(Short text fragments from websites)

--- START ---

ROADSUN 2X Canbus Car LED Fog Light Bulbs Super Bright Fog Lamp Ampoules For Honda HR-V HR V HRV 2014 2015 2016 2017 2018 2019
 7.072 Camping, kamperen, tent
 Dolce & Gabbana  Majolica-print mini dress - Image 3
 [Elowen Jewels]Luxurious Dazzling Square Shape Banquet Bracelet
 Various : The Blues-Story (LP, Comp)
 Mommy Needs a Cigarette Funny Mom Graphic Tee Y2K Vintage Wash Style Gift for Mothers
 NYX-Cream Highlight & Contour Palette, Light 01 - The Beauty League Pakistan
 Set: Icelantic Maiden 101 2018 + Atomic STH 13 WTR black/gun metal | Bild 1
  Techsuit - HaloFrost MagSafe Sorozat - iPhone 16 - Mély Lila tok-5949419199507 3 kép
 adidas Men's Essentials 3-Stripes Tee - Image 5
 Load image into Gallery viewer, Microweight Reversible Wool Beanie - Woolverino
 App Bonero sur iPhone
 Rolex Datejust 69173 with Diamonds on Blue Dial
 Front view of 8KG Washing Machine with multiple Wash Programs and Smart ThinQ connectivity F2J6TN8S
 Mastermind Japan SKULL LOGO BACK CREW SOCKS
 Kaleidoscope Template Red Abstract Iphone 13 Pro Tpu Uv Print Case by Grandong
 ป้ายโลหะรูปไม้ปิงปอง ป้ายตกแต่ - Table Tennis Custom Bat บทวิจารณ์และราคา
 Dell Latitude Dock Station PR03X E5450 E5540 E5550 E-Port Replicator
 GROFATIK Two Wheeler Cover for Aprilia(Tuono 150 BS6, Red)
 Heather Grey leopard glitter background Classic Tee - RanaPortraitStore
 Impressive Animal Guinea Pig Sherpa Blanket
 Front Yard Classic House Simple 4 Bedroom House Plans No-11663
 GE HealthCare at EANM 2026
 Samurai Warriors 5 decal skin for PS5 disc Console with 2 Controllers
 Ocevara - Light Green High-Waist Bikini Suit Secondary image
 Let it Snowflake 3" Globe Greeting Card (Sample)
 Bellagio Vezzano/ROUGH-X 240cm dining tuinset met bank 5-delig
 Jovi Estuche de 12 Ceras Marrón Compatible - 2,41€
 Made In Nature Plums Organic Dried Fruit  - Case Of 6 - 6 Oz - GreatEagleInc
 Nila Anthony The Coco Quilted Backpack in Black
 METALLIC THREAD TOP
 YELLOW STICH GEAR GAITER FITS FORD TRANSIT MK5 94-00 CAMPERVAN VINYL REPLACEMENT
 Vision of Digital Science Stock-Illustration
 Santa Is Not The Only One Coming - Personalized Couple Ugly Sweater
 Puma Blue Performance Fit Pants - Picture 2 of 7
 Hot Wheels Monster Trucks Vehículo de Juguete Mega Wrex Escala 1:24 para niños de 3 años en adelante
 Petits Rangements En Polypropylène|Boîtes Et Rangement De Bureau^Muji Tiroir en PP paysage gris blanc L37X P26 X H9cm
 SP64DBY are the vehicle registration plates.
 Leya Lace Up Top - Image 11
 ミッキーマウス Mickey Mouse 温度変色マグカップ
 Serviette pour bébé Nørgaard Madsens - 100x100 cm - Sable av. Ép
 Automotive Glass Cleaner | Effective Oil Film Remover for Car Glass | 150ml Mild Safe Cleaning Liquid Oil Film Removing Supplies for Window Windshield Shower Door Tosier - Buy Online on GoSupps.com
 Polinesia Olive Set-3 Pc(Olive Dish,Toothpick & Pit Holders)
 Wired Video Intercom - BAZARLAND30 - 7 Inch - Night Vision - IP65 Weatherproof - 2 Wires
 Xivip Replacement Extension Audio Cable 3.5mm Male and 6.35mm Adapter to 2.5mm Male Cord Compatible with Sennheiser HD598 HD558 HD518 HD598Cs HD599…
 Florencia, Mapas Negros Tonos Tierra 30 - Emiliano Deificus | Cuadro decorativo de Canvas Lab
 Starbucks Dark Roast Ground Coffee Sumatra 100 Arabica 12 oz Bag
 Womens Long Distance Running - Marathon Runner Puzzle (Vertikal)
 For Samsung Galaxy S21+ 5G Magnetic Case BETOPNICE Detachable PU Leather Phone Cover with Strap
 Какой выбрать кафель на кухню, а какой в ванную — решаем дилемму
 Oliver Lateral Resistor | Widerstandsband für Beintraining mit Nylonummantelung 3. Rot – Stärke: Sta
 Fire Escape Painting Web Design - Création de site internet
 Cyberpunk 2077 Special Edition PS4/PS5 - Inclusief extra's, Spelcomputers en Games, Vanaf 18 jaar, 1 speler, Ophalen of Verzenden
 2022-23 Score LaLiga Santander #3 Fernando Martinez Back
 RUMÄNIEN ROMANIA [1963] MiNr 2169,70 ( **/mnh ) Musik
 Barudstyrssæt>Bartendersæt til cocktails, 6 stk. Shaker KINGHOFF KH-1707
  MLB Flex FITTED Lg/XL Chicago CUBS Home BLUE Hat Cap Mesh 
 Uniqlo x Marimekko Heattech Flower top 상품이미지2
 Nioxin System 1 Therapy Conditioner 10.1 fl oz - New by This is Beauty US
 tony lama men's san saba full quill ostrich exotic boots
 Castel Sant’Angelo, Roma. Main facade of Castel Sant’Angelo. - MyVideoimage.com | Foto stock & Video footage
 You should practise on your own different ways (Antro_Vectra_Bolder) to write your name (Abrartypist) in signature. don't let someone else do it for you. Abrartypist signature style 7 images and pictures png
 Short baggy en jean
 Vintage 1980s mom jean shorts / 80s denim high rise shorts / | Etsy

--- END ---

What is the number of lines above that contain the string "Cover"? Answer with the number alone.

2